◆ **WHAT TO PRODUCE**
Write out once more the lines running from the top of the entries below to the line with "#仕事 #学校 #友達", both ends included.

Short web captions
########################################
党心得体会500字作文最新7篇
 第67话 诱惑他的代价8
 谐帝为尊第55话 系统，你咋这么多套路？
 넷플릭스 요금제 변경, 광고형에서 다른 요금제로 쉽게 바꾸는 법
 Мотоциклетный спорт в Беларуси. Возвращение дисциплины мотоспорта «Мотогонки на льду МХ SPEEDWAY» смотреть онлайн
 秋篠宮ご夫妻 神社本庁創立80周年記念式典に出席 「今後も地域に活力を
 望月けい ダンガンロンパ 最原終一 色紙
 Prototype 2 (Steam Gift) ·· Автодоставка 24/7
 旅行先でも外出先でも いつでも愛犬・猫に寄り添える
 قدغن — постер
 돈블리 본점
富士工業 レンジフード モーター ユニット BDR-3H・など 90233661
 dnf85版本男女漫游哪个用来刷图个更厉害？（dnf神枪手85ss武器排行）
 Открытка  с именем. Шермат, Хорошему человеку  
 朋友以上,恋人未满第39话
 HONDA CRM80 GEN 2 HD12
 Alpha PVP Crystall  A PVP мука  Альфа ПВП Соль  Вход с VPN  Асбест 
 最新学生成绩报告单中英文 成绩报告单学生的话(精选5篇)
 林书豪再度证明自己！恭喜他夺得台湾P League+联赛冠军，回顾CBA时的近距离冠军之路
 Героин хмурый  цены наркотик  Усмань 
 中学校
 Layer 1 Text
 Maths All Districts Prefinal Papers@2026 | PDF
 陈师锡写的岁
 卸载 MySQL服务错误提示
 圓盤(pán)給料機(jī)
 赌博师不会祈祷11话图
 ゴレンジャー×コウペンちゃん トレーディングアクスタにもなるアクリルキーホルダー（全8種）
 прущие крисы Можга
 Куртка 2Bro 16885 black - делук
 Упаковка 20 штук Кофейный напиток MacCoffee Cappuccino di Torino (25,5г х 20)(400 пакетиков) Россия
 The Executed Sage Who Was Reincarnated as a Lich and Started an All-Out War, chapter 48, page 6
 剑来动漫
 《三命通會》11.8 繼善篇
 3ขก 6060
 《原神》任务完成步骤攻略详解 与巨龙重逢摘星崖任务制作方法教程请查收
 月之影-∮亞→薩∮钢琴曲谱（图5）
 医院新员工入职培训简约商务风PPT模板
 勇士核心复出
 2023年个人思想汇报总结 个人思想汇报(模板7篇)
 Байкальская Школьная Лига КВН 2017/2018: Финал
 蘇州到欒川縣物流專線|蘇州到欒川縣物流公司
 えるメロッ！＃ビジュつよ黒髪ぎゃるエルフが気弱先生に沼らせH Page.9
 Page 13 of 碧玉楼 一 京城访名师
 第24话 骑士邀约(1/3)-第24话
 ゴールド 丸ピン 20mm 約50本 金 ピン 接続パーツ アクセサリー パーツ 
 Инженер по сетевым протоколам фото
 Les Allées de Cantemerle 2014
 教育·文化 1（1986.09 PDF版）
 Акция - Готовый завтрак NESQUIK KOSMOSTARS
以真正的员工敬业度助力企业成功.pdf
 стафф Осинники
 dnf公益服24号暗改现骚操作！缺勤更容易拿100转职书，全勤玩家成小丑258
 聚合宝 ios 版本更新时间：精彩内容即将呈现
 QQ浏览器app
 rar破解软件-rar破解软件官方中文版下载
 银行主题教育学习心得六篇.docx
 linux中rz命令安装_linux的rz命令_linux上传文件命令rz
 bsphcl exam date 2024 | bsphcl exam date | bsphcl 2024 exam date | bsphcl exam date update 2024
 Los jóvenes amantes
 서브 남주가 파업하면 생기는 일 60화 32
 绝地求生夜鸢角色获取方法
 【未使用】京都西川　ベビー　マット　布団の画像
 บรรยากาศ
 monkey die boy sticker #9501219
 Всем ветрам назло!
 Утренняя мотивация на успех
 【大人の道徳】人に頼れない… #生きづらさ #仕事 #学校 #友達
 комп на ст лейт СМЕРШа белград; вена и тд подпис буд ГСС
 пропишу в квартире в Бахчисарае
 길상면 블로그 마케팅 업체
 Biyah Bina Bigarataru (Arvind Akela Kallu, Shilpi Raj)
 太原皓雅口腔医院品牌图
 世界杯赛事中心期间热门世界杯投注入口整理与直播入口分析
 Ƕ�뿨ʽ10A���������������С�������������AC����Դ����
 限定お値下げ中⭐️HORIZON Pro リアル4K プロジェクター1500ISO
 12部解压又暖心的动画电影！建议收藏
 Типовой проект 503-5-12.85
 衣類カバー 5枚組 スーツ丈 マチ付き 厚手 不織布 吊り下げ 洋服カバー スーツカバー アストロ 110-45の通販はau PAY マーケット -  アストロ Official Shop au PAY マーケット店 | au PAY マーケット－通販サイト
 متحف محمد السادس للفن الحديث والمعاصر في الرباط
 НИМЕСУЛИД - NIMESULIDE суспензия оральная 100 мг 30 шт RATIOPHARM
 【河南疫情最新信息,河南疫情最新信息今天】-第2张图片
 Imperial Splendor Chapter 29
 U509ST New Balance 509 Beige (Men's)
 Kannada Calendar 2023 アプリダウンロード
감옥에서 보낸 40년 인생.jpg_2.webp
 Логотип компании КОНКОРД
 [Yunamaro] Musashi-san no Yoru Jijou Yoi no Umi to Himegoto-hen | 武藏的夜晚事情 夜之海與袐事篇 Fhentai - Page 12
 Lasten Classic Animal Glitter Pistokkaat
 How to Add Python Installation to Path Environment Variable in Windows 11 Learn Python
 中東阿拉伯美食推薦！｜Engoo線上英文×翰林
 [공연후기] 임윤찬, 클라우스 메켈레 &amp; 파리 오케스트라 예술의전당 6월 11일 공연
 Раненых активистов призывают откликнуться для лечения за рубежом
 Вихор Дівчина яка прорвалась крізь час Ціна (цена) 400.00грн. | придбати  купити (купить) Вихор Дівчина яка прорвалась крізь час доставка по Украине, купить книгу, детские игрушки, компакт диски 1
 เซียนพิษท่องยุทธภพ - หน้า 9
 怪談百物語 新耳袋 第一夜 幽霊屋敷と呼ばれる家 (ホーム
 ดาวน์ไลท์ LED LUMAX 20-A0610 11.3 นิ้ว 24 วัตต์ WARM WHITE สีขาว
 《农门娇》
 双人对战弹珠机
########################################
◆ **EXERCISE ANSWER**
党心得体会500字作文最新7篇
 第67话 诱惑他的代价8
 谐帝为尊第55话 系统，你咋这么多套路？
 넷플릭스 요금제 변경, 광고형에서 다른 요금제로 쉽게 바꾸는 법
 Мотоциклетный спорт в Беларуси. Возвращение дисциплины мотоспорта «Мотогонки на льду МХ SPEEDWAY» смотреть онлайн
 秋篠宮ご夫妻 神社本庁創立80周年記念式典に出席 「今後も地域に活力を
 望月けい ダンガンロンパ 最原終一 色紙
 Prototype 2 (Steam Gift) ·· Автодоставка 24/7
 旅行先でも外出先でも いつでも愛犬・猫に寄り添える
 قدغن — постер
 돈블리 본점
富士工業 レンジフード モーター ユニット BDR-3H・など 90233661
 dnf85版本男女漫游哪个用来刷图个更厉害？（dnf神枪手85ss武器排行）
 Открытка  с именем. Шермат, Хорошему человеку  
 朋友以上,恋人未满第39话
 HONDA CRM80 GEN 2 HD12
 Alpha PVP Crystall  A PVP мука  Альфа ПВП Соль  Вход с VPN  Асбест 
 最新学生成绩报告单中英文 成绩报告单学生的话(精选5篇)
 林书豪再度证明自己！恭喜他夺得台湾P League+联赛冠军，回顾CBA时的近距离冠军之路
 Героин хмурый  цены наркотик  Усмань 
 中学校
 Layer 1 Text
 Maths All Districts Prefinal Papers@2026 | PDF
 陈师锡写的岁
 卸载 MySQL服务错误提示
 圓盤(pán)給料機(jī)
 赌博师不会祈祷11话图
 ゴレンジャー×コウペンちゃん トレーディングアクスタにもなるアクリルキーホルダー（全8種）
 прущие крисы Можга
 Куртка 2Bro 16885 black - делук
 Упаковка 20 штук Кофейный напиток MacCoffee Cappuccino di Torino (25,5г х 20)(400 пакетиков) Россия
 The Executed Sage Who Was Reincarnated as a Lich and Started an All-Out War, chapter 48, page 6
 剑来动漫
 《三命通會》11.8 繼善篇
 3ขก 6060
 《原神》任务完成步骤攻略详解 与巨龙重逢摘星崖任务制作方法教程请查收
 月之影-∮亞→薩∮钢琴曲谱（图5）
 医院新员工入职培训简约商务风PPT模板
 勇士核心复出
 2023年个人思想汇报总结 个人思想汇报(模板7篇)
 Байкальская Школьная Лига КВН 2017/2018: Финал
 蘇州到欒川縣物流專線|蘇州到欒川縣物流公司
 えるメロッ！＃ビジュつよ黒髪ぎゃるエルフが気弱先生に沼らせH Page.9
 Page 13 of 碧玉楼 一 京城访名师
 第24话 骑士邀约(1/3)-第24话
 ゴールド 丸ピン 20mm 約50本 金 ピン 接続パーツ アクセサリー パーツ 
 Инженер по сетевым протоколам фото
 Les Allées de Cantemerle 2014
 教育·文化 1（1986.09 PDF版）
 Акция - Готовый завтрак NESQUIK KOSMOSTARS
以真正的员工敬业度助力企业成功.pdf
 стафф Осинники
 dnf公益服24号暗改现骚操作！缺勤更容易拿100转职书，全勤玩家成小丑258
 聚合宝 ios 版本更新时间：精彩内容即将呈现
 QQ浏览器app
 rar破解软件-rar破解软件官方中文版下载
 银行主题教育学习心得六篇.docx
 linux中rz命令安装_linux的rz命令_linux上传文件命令rz
 bsphcl exam date 2024 | bsphcl exam date | bsphcl 2024 exam date | bsphcl exam date update 2024
 Los jóvenes amantes
 서브 남주가 파업하면 생기는 일 60화 32
 绝地求生夜鸢角色获取方法
 【未使用】京都西川　ベビー　マット　布団の画像
 บรรยากาศ
 monkey die boy sticker #9501219
 Всем ветрам назло!
 Утренняя мотивация на успех
 【大人の道徳】人に頼れない… #生きづらさ #仕事 #学校 #友達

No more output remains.